1. Field of the Invention
The present invention relates to a method for managing corrosion of an underground structure, and in particular, it relates to a method for installing an anode to protect an underground metal pipeline.
2. Background Art
Corrosion, and in particular corrosion of metal structures, is a problem that must regularly be addressed in a wide variety of areas. For example, in the automotive industry, metal parts are often plated or coated to protect them from road salt and moisture in hopes of increasing their longevity. Indeed, many traditionally metal parts are currently being replaced with polymeric components, which are not only lighter and perhaps more cost effective to produce, but are generally impervious to electrochemical corrosion often experienced by metals.
Other industries have also employed non-metal structures, or at least coated metal structures. For example, new installations of natural gas delivery systems may include wrapped steel gas pipelines to help inhibit corrosion. These coated steel pipelines generally have a much longer expected life span than their bare steel counterparts; however, the coating on the wrapped steel pipelines will eventually degrade. Moreover, many hundreds or thousands of miles of pipeline were installed before wrapped steel pipe was readily available. Therefore, corrosion of existing pipeline structures—and eventually, corrosion of recently-laid wrapped pipeline structures—present an ongoing challenge for those working in the gas industry.

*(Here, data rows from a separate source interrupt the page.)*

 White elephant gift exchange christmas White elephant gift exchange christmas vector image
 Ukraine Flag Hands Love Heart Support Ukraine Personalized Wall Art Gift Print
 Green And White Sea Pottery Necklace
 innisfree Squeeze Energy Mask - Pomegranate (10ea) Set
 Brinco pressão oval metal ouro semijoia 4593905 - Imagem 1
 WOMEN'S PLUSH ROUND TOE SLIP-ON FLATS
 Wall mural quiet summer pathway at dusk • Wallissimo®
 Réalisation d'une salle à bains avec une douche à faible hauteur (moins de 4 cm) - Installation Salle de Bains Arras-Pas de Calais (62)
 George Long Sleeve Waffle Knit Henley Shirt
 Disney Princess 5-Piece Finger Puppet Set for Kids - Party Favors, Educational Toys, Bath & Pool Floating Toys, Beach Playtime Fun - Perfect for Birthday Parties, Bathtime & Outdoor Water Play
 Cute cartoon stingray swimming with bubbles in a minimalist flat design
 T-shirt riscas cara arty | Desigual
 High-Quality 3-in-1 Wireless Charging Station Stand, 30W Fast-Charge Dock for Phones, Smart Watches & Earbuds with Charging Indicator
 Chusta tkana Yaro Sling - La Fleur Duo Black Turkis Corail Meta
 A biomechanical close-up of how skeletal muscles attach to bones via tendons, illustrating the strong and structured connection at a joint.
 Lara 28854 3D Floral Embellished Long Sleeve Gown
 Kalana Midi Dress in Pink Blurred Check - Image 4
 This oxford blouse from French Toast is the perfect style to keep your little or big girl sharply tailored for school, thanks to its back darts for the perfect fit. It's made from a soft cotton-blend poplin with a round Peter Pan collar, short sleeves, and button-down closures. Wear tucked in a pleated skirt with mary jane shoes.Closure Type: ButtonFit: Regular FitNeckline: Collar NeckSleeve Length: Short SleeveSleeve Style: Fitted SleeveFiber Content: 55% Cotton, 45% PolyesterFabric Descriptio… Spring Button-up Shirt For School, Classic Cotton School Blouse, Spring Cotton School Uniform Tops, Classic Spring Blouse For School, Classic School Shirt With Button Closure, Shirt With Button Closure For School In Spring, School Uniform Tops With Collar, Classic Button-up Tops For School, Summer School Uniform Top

One way in which this problem has been addressed is through the use of cathodic protection for the steel pipelines. In its simplest form, cathodic protection includes the use of a galvanic couple—i.e., the metal to be protected is electrically connected to another metal that is more anodic than the metal to be protected. The anode becomes sacrificial, giving up electrons in an oxidation reaction. In this situation, the metal to be protected becomes a cathode, experiencing a reduction reaction which protects the metal.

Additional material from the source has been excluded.